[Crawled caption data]

————

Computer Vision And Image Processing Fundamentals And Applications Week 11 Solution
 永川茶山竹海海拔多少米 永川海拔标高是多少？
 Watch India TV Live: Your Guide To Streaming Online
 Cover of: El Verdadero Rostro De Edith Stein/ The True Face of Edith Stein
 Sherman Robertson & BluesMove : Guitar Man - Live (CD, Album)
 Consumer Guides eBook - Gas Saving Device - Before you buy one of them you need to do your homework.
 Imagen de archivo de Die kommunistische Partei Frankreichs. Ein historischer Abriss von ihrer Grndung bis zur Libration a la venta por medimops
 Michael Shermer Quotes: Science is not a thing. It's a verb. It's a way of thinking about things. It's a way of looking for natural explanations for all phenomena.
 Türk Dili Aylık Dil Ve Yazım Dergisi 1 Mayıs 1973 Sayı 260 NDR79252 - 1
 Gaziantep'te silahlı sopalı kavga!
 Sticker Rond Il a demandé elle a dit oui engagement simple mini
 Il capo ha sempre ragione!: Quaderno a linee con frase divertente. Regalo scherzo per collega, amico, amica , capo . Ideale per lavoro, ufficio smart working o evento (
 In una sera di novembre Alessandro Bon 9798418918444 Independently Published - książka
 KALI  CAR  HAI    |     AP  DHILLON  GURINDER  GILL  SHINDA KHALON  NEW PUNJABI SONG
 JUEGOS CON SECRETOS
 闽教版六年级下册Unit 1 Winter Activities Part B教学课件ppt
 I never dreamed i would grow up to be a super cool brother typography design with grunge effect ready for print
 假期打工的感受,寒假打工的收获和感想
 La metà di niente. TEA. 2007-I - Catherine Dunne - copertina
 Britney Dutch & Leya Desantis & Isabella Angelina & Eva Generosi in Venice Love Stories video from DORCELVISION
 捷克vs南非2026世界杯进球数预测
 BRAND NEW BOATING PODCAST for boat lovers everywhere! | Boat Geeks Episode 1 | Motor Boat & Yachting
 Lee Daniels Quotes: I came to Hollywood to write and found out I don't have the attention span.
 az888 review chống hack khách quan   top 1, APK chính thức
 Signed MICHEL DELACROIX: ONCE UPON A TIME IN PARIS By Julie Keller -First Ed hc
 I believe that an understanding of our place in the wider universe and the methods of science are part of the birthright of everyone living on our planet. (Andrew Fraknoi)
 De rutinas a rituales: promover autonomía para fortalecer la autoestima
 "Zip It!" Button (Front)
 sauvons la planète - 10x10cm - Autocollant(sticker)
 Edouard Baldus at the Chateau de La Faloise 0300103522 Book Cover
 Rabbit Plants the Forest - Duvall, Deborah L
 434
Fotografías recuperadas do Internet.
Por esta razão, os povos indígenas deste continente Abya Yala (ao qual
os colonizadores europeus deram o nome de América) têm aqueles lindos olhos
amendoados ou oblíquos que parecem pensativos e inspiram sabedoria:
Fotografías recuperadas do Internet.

————

§ **Task**
Search the records for the word "Live" and copy out every line that holds it.

§ **Task answer**
 Watch India TV Live: Your Guide To Streaming Online
 Sherman Robertson & BluesMove : Guitar Man - Live (CD, Album)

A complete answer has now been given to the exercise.